_Your assignment_
Everything below from the line with "Hoodie Sweatshirt Store716" through the line with "Diagrama de Integrações LGTelecom" must be retyped exactly, except the pictures.

_Records for this exercise_
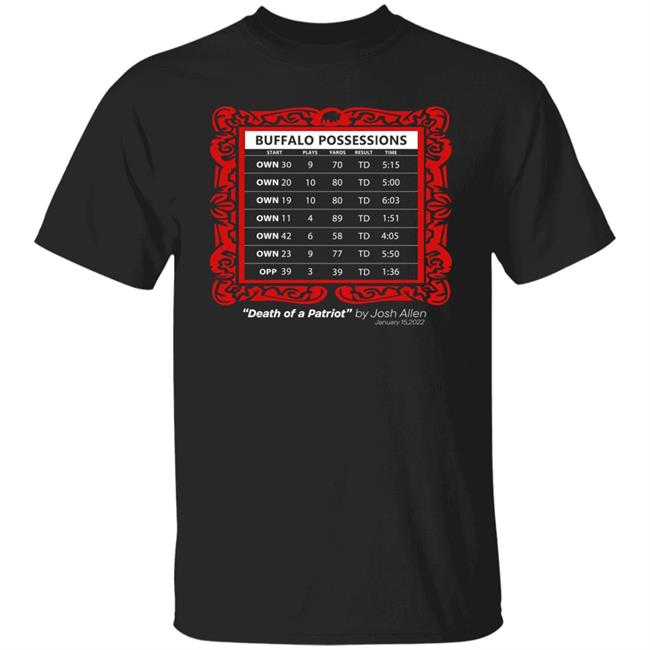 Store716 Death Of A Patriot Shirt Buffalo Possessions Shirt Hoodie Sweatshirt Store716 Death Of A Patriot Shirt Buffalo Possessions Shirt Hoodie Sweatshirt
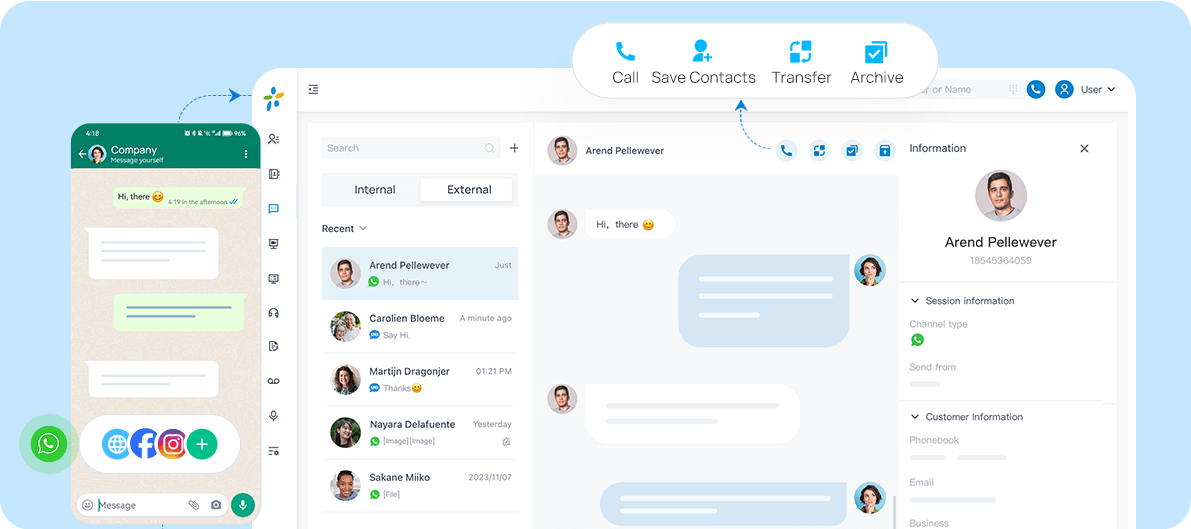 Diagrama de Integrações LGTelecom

--

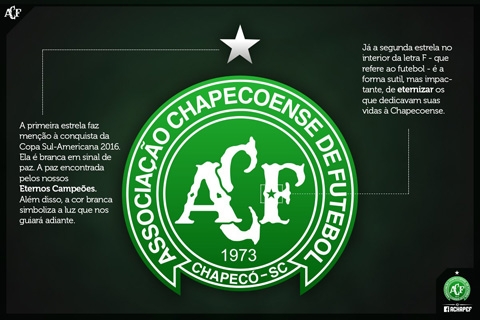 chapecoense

==

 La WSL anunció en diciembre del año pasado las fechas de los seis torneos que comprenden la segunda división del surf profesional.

_Your solution_
 Store716 Death Of A Patriot Shirt Buffalo Possessions Shirt Hoodie Sweatshirt Store716 Death Of A Patriot Shirt Buffalo Possessions Shirt Hoodie Sweatshirt
 Diagrama de Integrações LGTelecom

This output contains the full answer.